To the author of this study the only solution of the current Argentine national crisis lies in a return to the conservative principles and firm leadership of the age of Rosas. He maintains that the Argentine people have, been deceived by the lure of the false doctrines of liberalism and popular sovereignty throughout much of their nation’s history. To illustrate San Martín’s aversion to the ideas of Bernardino Rivadavia and other early Argentine liberal leaders, Genta cites excerpts from the correspondence of the liberator with Rosas and other South Americans.

Little new documentation is offered in this study to affirm the well-known conservative political views of San Martín. Considering the stated political philosophy of the author, it is not surprising that he portrays Rosas as the one who applied San Martín’s political tenets and restored social discipline, consolidated national unity, and upheld his nation’s honor against the designs of world powers. A further indication of Genta’s admiration for the rule of Rosas is his wish that Argentine schools should require their students to study San Martín’s correspondence to learn how the Liberator praised Rosas and his principles.

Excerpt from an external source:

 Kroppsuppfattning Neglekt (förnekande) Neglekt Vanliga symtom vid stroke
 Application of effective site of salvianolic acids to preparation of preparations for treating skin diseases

However, this volume is concerned with the political philosophy of San Martín only insofar as it supports the author’s thesis that misguided believers in liberalism, secularism, and democracy have led Argentina to its present crisis and are serving today to promote the ends of international Communism. It is evident that Argentina today presents a spectacle of arrested progress. However, one may seriously question whether that nation’s current problems can be solved by the return to a state like that of Rosas (or Franco) even if one could believe that San Martín himself would have sanctioned such a regime.